Who wouldn't buy this title just on the wonderfully strange title alone? Video games always seem to have bad-ass names so that you sound like a cyberpunk when you buy them. Not so with Mr. Domino. Not only is he not afraid to present a console game based on something your grandmother plays, but the game title is also a complete sentence.
When you're done giggling over the title, you'll find a game that delights in being strange.
No One Can Stop Mr. Domino is primarily a puzzle game of the Pipe Dream ilk, i.e. hurry up and complete something before time runs out. Your job, as the titular Mr. Domino, is to set up chains of dominoes along a circular course so that they fall over and trigger various tricks. You only have so much time and so many dominoes, so you have to weigh your moves carefully. Once you've set off all the tricks for that level, Mr. Domino continues on to the next odd little land... and you can't stop him.

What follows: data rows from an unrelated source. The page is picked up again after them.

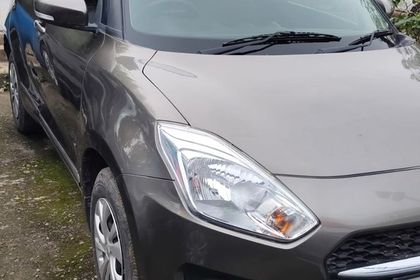 2022 Maruti Suzuki Swift VXI BSVI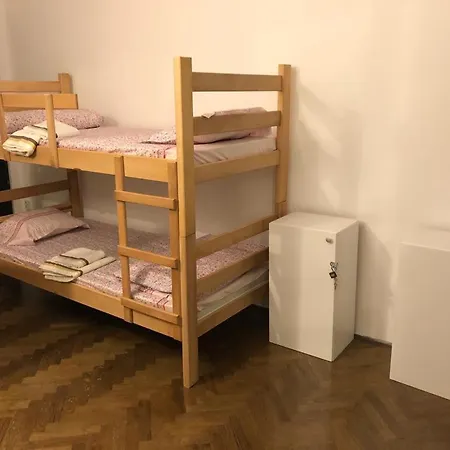 Olimp 777 Hostel Belgrad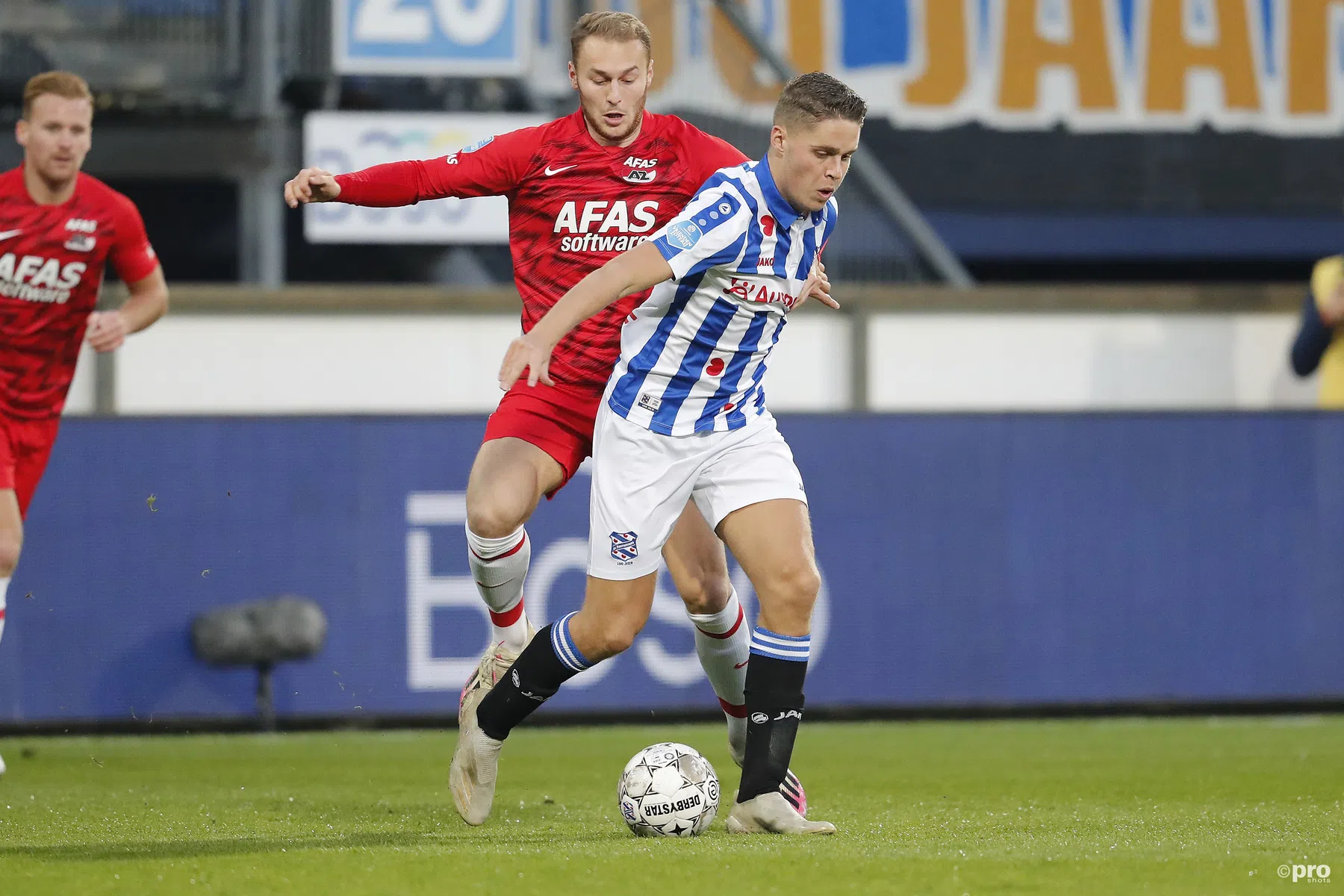 SC Heerenveen leert zijn zwakke plekken opnieuw kennen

It's worth it to parade through each level and figure out just where everything is, and then restart the level and try to get every trick on your first lap. Missing tricks and trying to track them down one at a time will cost you precious time. When you run out of time (and there isn't any onscreen meter to warn you of this) poor Mr. Domino devolves into a normal, non-mobile domino, paying the ultimate price for his overzealous grandstanding.
Controlling our man Domino requires quite a bit of quick fingering. His path can demand hairpin turns and ultra fast serpentines. Get used to playing at the slow speed before you venture into a fast game. Starting slow will let you gradually figure out just what the hell you're supposed to be doing on each level.

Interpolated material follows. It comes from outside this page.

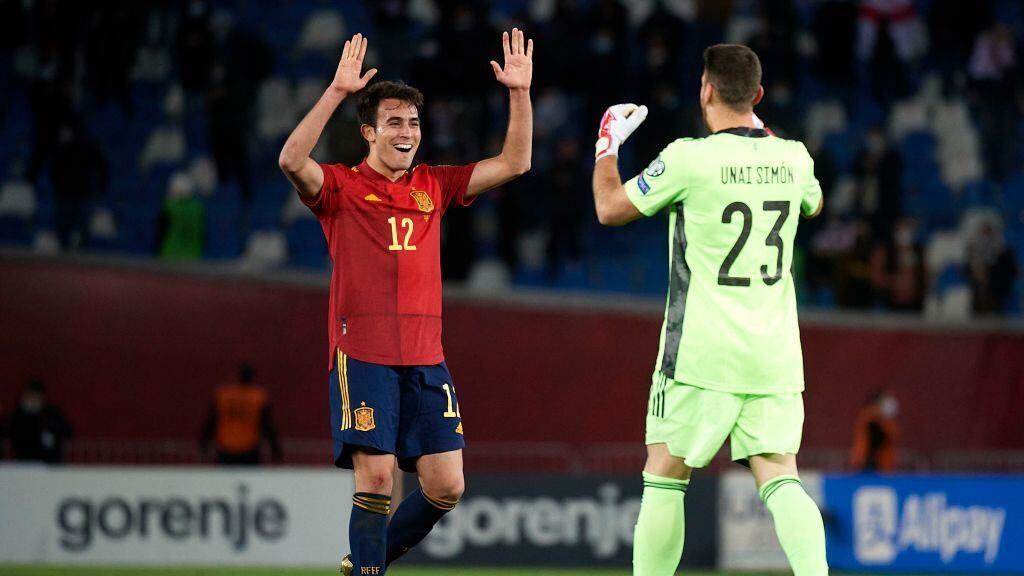 Jornada de goleadas para las potencias en las clasificatorias europeas a Qatar 2022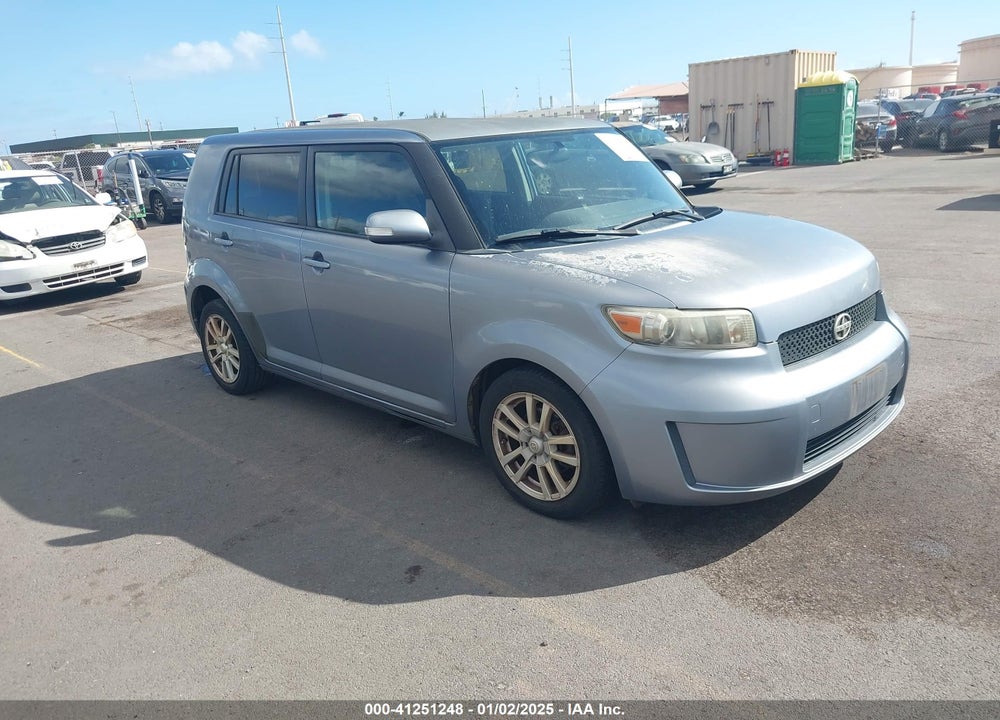 2010 SCION XB RELEASE SERIES 7.0 VIN: JTLZE4FE9A1112217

(If you checked out the demo of Mr. Domino and didn't enjoy it, you can chalk that up to stupid demo distributors. The demo I received with the Official PlayStation Magazine gave you level 3 to play, which is a tough one. Plus, the game isn't explained very well, so the demo can leave a bad taste in your mouth. The first two levels of the full version of Mr. Domino break you in very nicely... and make you want to play more.)
The worst part is the last level. Level 6 starts you in a sewer... an easy loop once you've sussed it out. Run it as quickly as possible and head topside to the city. This second loop is actually pretty nice as well, but you're going to start to notice that time is running out. Even an H block won't buy you much extra, so any stumbles here are fatal. Make sure you do one complete loop and hit all the tricks because there's no time for a second run. The final loop takes you up the side of a skyscraper and this is do-or-die time. The secret trick is that Mr. Domino can leap over some breaks in the path... and you won't notice it until you miss a turn and surprise, surprise he leaps across the cliff.
The charm of the game is the strange Japanese-culture-shock levels. The tricks get progressively stranger and stranger... in one level, you send a flaming meteor into the middle of a crowded park; in another, you strip a teenage girl down to her undies. Maybe a restraining order could stop Mr. Domino.
This game is just strange, strange, strange. Luckily, it's also very interesting. This one definitely deserves a rental. I don't know that I would call the game addicting, but it is one of those games that demands "just one more try."